Photos from the coalition’s Feb. 27 inaugural meeting showed the four district attorneys gathered in the DA’s office in Brownsville, taking notes and discussing various initiatives.

Saenz said the coalition discussed the ability to share resources and intelligence information, as well as efforts to host and assist with inter-county law enforcement training. Additionally, he said the counties plan to collaborate on seasonal initiatives like holiday DWI campaigns while also representing the Valley in a united front on legislative matters.

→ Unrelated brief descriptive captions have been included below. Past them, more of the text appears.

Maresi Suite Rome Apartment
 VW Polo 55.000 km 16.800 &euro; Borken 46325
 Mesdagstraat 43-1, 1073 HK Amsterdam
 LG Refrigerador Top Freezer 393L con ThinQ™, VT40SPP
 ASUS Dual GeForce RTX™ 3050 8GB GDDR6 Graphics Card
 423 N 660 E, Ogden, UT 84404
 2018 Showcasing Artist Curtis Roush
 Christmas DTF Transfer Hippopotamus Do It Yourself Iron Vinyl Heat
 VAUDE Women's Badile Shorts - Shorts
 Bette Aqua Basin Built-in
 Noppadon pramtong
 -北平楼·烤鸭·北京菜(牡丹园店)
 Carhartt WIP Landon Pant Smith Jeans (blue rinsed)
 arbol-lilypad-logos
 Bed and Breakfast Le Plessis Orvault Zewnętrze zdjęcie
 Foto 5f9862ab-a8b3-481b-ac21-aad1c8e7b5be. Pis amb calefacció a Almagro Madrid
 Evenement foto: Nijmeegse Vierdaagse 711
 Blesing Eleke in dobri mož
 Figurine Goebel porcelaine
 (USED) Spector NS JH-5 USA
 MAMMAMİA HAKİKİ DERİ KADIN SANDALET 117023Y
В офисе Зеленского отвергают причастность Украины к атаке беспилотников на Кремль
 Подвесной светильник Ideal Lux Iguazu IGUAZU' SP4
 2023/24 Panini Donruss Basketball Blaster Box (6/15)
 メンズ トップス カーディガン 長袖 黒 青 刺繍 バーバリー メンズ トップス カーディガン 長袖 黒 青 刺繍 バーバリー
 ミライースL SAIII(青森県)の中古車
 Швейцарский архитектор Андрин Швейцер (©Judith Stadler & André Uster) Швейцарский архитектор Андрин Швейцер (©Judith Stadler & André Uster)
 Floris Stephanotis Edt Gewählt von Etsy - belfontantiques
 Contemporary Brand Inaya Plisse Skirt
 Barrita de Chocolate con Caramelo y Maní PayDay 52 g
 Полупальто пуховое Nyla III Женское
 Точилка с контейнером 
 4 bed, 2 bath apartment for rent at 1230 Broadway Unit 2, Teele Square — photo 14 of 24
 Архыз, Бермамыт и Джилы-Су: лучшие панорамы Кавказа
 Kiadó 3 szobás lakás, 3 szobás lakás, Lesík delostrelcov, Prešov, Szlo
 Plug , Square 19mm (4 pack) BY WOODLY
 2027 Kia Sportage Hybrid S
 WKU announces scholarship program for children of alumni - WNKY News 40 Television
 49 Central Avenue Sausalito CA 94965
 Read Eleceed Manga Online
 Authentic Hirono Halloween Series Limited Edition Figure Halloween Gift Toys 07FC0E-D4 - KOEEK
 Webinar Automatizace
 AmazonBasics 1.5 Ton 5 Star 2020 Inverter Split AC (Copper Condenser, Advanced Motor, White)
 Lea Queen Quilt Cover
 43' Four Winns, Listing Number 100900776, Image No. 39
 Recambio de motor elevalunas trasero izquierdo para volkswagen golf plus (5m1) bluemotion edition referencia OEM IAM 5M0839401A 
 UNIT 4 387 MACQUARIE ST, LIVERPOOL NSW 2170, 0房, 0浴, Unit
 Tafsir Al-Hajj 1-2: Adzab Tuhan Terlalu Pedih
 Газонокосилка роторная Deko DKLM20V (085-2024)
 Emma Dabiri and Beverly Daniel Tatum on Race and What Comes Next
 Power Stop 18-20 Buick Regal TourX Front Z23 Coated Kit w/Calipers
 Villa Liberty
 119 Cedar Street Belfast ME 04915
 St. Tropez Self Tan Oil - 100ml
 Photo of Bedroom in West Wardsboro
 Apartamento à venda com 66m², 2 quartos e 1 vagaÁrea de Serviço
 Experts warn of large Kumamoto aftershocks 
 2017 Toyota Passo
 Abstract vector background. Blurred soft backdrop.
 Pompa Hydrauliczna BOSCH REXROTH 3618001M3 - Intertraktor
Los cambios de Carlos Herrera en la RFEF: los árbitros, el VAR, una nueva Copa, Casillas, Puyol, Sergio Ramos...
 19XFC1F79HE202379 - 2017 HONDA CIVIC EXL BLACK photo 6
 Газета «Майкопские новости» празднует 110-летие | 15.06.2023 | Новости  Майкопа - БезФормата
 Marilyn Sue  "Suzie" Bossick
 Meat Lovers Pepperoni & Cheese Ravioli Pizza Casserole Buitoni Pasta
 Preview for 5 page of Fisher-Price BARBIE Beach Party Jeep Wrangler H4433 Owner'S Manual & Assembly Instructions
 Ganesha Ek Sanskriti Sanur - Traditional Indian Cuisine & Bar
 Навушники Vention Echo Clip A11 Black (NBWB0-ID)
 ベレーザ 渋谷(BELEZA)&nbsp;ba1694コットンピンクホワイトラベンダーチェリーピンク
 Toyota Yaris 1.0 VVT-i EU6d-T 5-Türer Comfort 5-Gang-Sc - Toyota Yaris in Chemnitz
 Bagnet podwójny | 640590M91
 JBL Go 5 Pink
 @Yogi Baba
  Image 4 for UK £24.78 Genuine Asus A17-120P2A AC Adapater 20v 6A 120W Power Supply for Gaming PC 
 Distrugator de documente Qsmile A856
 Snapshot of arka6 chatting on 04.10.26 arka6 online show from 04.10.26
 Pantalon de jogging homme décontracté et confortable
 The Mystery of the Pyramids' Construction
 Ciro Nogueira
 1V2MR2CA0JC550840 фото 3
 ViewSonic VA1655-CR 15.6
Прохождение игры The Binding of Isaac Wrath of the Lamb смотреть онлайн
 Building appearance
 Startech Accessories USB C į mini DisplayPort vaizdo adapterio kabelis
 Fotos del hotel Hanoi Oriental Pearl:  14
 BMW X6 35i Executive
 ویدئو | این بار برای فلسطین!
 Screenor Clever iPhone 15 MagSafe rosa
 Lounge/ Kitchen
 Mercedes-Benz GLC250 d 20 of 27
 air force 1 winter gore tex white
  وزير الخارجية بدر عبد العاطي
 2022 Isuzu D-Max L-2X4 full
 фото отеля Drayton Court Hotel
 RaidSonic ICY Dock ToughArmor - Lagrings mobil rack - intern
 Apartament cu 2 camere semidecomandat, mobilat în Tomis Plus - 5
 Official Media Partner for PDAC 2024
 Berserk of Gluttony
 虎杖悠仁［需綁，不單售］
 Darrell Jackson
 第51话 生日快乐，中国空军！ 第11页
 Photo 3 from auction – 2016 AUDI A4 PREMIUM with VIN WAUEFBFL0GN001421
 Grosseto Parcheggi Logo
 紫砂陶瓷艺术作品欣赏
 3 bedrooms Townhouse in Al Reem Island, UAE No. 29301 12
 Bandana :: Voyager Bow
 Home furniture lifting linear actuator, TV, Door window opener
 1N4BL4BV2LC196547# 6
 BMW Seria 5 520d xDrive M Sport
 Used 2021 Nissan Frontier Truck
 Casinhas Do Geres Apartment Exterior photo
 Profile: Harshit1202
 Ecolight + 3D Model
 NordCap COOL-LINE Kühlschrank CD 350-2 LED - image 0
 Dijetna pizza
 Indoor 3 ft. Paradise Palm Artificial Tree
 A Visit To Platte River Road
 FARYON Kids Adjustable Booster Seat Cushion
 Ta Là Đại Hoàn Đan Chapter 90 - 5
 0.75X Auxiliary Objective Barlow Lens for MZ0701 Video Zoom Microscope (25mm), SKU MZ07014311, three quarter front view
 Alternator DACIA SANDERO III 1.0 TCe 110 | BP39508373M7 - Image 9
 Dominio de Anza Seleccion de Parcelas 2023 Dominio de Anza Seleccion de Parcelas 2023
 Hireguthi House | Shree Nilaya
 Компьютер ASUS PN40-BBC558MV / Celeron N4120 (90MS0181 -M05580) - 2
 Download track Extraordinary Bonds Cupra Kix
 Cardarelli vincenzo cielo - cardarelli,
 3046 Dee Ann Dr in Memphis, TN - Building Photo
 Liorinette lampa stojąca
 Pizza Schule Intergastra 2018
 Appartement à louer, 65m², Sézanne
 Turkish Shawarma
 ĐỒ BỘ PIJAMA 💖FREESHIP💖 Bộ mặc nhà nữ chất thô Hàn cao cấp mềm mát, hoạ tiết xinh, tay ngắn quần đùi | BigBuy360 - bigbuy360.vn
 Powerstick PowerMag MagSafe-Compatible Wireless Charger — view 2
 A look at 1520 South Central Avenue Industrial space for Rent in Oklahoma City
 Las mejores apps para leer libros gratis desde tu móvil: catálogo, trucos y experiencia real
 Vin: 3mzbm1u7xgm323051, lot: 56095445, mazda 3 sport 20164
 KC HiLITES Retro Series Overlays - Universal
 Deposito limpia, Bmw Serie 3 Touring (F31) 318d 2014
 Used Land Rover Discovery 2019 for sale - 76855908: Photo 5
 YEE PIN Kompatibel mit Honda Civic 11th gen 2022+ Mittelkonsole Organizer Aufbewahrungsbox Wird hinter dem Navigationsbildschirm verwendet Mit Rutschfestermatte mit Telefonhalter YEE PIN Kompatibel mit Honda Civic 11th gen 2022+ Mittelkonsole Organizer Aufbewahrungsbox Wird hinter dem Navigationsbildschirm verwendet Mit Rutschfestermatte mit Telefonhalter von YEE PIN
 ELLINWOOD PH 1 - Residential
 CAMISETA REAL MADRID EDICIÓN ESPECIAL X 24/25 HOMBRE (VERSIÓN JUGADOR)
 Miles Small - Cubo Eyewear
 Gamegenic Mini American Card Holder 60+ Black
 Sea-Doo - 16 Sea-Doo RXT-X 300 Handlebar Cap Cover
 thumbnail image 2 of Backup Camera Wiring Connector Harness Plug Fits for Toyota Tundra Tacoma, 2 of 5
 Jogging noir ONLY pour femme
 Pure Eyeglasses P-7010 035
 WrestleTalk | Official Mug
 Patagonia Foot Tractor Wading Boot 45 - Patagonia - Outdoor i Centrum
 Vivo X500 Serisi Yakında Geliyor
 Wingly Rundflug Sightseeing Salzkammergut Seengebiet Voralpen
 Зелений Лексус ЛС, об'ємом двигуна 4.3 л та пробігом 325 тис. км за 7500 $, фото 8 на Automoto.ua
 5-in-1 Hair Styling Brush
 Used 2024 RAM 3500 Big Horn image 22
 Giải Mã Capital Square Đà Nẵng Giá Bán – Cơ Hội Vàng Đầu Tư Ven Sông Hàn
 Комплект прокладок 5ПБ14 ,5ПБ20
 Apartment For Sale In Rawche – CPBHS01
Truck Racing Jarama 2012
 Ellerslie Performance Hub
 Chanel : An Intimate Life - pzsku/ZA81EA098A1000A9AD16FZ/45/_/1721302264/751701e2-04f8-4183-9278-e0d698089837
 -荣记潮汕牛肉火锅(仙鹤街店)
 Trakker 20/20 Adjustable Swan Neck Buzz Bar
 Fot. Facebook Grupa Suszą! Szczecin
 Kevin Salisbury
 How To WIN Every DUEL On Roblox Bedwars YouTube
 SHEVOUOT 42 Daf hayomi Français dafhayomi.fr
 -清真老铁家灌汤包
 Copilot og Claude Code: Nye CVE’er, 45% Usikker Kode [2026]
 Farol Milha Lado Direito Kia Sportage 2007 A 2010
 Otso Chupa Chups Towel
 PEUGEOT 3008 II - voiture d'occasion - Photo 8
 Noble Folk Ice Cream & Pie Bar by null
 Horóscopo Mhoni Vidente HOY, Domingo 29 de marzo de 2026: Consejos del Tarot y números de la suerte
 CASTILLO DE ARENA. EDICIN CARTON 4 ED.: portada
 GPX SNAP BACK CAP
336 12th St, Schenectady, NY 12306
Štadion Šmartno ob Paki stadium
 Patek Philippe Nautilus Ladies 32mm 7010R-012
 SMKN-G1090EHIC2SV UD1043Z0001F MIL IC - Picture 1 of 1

DA Saenz will serve as chairman, while Hidalgo County District Attorney Ricardo Rodriguez has been appointed vice-chairman. Saenz, who proposed the idea to the other DAs in December, explained that the cooperation will facilitate joint training sessions and the sharing of technology in ways that can assist prosecutors while also conserving counties’ resources.

“For example — I’ll put on a training and it will cost me a couple thousand dollars. Mr. Rodriguez in Hidalgo will put on a training and it will cost several thousand dollars. The coalition can cooperate and collaborate with each other on areas of training.”

Saenz said that the move to form the coalition will assist prosecutors with intelligence, as many Valley crimes occur between counties. “For the bad guys, there is no such thing as Cameron County, Hidalgo County boundaries. In fact, we’ve had numerous cases where the case starts in Hidalgo County and the murder happens in Hidalgo County, but the body is found over here.”

Another way the group will collaborate is to present a unified Valley voice on legislative issues that impact community members, according to Saenz.

“If I go by myself to Austin, I’m one of many hands going up. If we go as a RGV DA Coalition — four of us — OK, now it’s four hands reaching up and we’ll get their attention,” he said. “This is a more united and louder message that we’re trying to send, for the betterment of our people.”

This would give the officials the ability to prosecute crimes that currently fall through the cracks, according to Saenz. “One of those crimes is where new construction sites are stripped of copper. Copper is very valuable,” he said.

Other issues the DA said he’d like to address include legislation requiring pawn shops to check receipts from sellers before they buy an item, or the ability to prosecute contractors who take money from clients and never complete the work.

“People literally give thousands of dollars to a contractor who promises to do this and that, and lo and behold he takes off. As the law is written right now, it is very difficult for us to make it a criminal matter,” said Saenz.